Court Opinion

ID: 7824292
Source: CourtListenerOpinion
Date Created: 2022-09-07 18:03:19.265352+00
Date Added: 2024-06-11T16:30:49.110753
License: Public Domain

Steele Hays, Justice, dissenting. What the majority overlooks, I respectfully suggest, is that in transactions between the Meadowbrook Country Club and its members the 15 percent add-on, or surcharge, to food purchases is not a “gratuity” (as the majority mislabels it), but is an obligatory part of the purchase. It may resemble a gratuity, but the crucial difference is that in the conventional restaurant transaction the gratuity is, as the word implies, gratuitous. The customer is free to leave a tip or, if the service is unsatisfactory, no tip at all.

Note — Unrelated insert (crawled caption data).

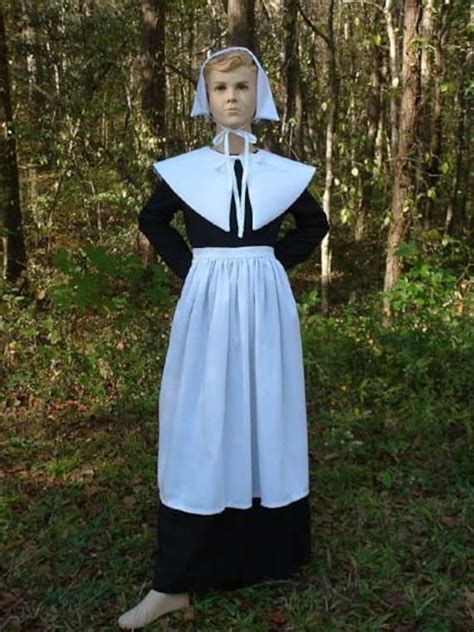 H009 Classic Black & White Puritan Pilgrim Costume | Etsy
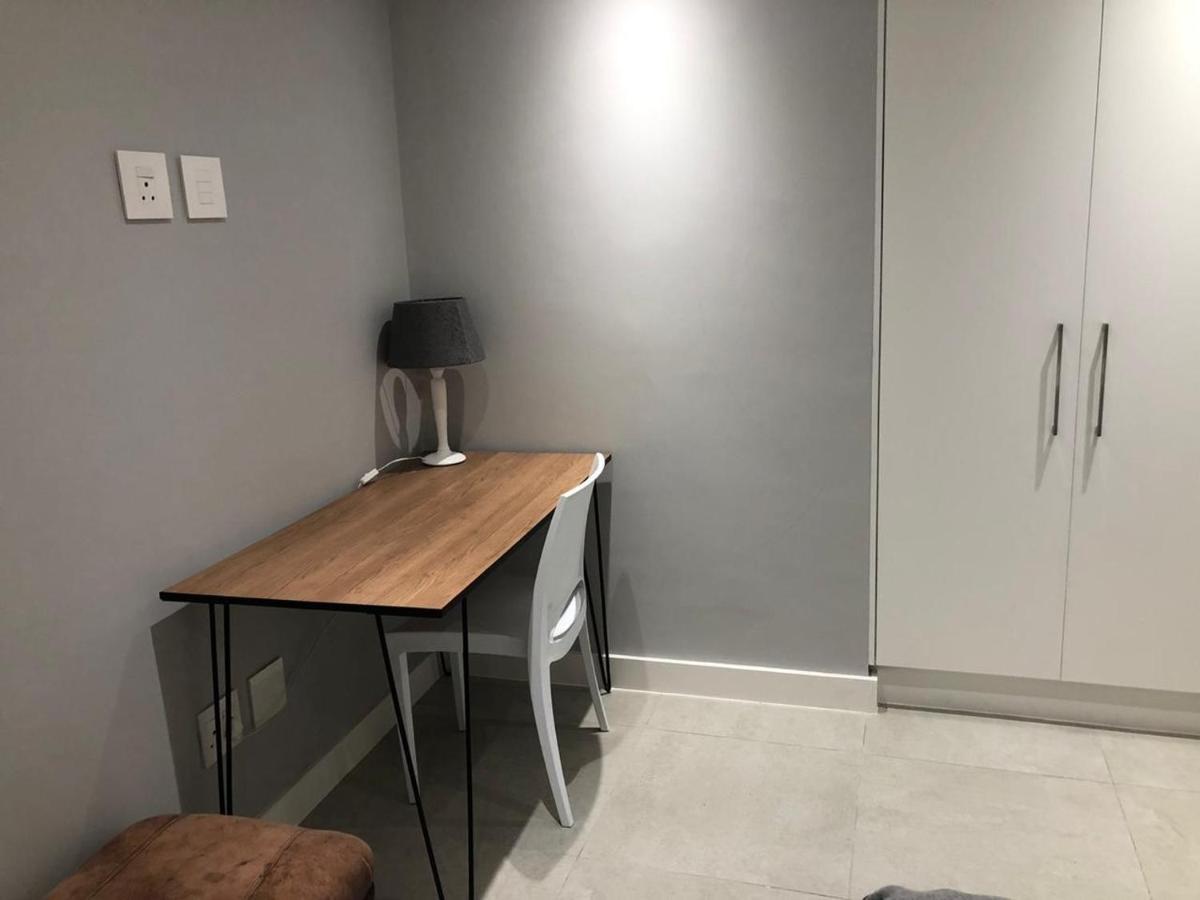 Private Bachelor Pad In Sea Point Appartement Kaapstad Buitenkant foto
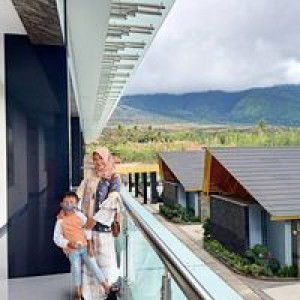 Lilis Suminar profile icon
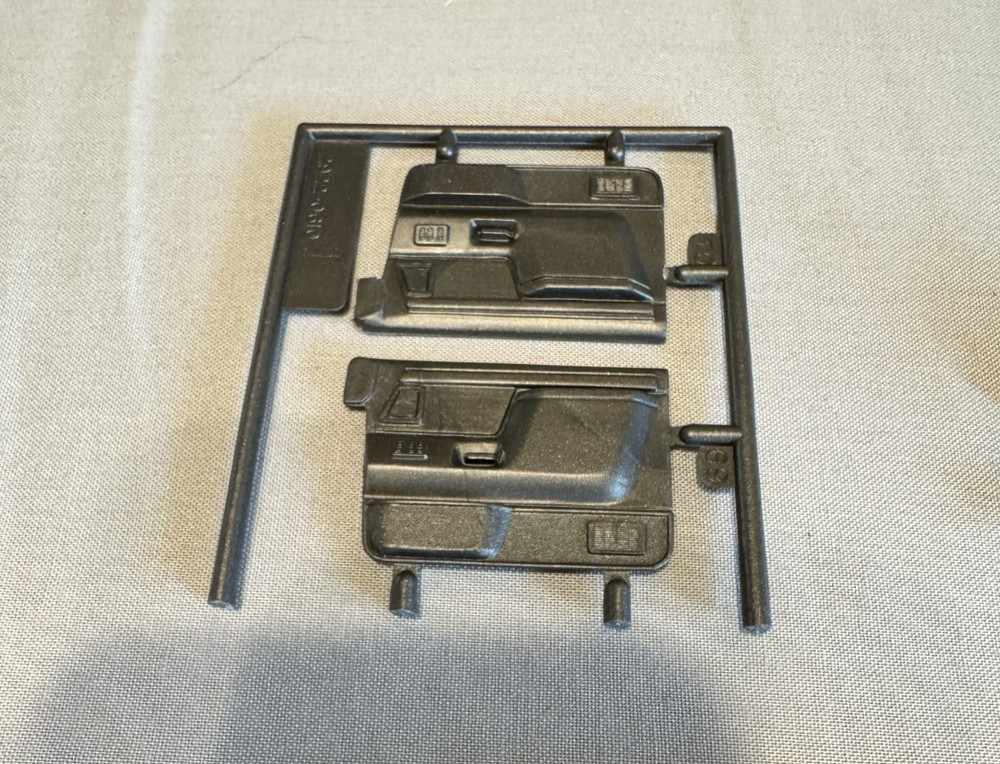 Monogram 6363 Ford F-250 Pick-Up Parts Kit Bash Door Panel #69 #70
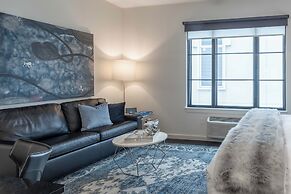 121 Hotel by AvantStay – Modern Comfort in Nashville's West End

In the transaction between the country club and its members, however, the 15 percent surcharge is mandatory — the members could no more refuse to pay the 15 percent than they could refuse to pay some other part of the total bill. In that rather unique circumstance the surcharge becomes an inseparable part of the transaction and is properly subject to the Arkansas Gross Receipts Act. It matters not at all that the appellee chooses to allocate the 15 percent to the payment of its labor costs, anymore than if it chose to allocate some percentage of the price of each meal to another cost factor, such as utility, maintenance, insurance, replacement, et cetera, so long as it is a fixed part of the charge. The point is, the member agrees to purchase a meal costing $ 10.00, plus 15 percent, for a total charge of $ 11.50 and that is the gross receipt the appellee realizes on the sale.